┌─ Material for the task

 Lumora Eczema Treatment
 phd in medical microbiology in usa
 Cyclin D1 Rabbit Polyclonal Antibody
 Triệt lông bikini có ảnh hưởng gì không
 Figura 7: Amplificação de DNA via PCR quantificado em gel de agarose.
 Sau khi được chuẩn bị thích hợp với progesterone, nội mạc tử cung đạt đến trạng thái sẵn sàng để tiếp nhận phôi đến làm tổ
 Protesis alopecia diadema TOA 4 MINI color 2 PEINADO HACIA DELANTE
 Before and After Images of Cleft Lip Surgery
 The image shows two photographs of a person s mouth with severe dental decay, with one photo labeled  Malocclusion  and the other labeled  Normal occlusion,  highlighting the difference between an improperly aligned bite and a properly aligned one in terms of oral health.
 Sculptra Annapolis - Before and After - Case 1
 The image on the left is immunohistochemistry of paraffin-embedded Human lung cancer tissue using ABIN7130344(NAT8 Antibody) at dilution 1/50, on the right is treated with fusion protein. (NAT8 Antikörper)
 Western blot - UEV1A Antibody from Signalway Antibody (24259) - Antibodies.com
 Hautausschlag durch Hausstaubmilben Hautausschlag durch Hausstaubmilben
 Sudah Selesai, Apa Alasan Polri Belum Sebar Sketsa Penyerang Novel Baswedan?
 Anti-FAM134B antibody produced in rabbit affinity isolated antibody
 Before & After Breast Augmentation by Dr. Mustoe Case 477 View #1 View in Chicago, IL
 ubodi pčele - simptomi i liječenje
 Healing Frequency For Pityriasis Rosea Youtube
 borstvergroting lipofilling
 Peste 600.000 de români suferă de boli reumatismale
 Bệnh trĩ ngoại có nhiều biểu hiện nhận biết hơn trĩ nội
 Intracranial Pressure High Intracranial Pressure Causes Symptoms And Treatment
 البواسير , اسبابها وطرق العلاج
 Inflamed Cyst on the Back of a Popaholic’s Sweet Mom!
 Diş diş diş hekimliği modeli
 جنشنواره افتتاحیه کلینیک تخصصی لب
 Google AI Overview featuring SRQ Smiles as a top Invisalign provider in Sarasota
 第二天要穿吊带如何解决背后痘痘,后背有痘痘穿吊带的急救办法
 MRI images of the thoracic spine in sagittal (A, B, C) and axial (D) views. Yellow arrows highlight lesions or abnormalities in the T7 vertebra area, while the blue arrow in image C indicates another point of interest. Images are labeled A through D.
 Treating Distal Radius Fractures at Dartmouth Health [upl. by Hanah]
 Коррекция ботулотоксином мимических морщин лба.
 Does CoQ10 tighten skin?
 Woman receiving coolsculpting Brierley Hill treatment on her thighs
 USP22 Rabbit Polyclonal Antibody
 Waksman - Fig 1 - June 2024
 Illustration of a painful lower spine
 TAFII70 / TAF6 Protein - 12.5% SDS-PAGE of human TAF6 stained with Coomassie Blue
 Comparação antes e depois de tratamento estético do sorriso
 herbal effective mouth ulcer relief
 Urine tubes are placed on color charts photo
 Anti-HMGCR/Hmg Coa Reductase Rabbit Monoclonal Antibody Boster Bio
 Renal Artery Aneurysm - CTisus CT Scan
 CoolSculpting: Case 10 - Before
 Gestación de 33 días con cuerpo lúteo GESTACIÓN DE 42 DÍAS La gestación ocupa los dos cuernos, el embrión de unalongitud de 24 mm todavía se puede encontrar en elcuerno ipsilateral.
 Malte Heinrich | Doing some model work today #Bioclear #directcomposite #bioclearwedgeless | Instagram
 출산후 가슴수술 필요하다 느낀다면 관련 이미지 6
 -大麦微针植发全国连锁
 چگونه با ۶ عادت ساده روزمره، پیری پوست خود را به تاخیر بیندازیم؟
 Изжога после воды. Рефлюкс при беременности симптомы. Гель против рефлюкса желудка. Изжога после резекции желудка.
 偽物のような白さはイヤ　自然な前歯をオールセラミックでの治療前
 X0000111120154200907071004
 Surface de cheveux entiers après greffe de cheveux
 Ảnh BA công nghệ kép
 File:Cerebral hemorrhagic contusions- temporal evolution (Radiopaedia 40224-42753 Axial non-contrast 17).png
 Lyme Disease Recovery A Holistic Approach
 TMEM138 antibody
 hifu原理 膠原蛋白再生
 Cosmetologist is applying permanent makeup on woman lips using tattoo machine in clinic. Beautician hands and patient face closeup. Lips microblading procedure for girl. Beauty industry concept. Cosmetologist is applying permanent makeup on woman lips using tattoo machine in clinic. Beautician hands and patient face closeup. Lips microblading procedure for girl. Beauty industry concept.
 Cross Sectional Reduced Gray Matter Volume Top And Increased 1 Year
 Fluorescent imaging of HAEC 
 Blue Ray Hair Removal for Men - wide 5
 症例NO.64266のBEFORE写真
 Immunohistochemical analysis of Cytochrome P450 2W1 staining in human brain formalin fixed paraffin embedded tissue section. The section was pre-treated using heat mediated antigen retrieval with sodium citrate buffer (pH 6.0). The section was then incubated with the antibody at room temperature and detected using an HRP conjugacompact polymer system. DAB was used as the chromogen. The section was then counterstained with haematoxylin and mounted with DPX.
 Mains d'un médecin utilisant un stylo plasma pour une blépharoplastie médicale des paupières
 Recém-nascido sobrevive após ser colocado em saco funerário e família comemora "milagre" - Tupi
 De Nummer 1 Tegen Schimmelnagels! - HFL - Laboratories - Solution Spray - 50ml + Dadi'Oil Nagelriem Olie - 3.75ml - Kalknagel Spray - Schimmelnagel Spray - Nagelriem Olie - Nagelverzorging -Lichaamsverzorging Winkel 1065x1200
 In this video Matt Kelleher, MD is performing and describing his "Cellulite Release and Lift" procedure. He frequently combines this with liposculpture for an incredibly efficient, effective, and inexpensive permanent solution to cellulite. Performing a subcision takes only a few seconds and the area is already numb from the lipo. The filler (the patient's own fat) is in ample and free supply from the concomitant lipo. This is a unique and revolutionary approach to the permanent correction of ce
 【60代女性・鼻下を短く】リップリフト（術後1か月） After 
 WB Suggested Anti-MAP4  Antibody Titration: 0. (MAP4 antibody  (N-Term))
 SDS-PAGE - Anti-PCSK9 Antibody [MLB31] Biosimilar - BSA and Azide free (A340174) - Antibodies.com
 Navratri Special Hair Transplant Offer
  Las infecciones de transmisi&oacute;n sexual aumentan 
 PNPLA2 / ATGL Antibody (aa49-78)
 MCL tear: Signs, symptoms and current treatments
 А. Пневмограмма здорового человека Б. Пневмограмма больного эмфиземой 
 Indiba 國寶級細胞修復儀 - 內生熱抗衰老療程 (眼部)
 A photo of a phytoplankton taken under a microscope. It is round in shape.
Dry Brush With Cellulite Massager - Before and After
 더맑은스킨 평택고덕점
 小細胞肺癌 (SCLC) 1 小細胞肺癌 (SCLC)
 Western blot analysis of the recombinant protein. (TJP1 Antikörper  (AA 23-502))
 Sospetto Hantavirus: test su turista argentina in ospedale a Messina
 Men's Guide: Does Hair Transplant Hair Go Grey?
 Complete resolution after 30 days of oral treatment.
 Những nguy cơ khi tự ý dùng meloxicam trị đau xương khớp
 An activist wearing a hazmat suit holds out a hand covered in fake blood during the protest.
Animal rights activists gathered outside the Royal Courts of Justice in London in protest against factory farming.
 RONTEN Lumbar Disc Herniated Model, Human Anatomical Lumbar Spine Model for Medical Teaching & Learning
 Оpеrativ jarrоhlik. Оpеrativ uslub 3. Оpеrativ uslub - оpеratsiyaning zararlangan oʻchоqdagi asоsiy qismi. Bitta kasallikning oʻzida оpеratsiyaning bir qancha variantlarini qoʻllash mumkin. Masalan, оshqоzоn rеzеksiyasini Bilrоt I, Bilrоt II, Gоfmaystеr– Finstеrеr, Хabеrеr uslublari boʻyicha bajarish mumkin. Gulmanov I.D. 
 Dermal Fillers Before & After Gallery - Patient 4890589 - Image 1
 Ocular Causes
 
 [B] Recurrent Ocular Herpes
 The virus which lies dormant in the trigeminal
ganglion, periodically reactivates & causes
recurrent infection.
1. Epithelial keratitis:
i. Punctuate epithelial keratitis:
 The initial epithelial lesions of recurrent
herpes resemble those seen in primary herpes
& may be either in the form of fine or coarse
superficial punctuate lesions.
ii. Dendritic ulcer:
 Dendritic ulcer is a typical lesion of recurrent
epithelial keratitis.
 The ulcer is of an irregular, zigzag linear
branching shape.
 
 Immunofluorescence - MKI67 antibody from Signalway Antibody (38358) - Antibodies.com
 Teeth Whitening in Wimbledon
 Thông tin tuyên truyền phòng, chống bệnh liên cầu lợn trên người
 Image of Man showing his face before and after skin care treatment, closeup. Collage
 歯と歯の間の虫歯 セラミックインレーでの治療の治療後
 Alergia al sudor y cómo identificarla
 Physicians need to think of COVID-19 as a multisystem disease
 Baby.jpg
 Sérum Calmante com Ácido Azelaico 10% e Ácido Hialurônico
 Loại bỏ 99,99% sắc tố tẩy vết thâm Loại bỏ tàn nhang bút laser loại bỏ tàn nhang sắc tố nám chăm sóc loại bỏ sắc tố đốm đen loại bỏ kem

└─

● **Brief**: Scan the material above for the word "Case". Copy each line where it occurs.

● **Written answer**:
 Sculptra Annapolis - Before and After - Case 1
 Before & After Breast Augmentation by Dr. Mustoe Case 477 View #1 View in Chicago, IL
 CoolSculpting: Case 10 - Before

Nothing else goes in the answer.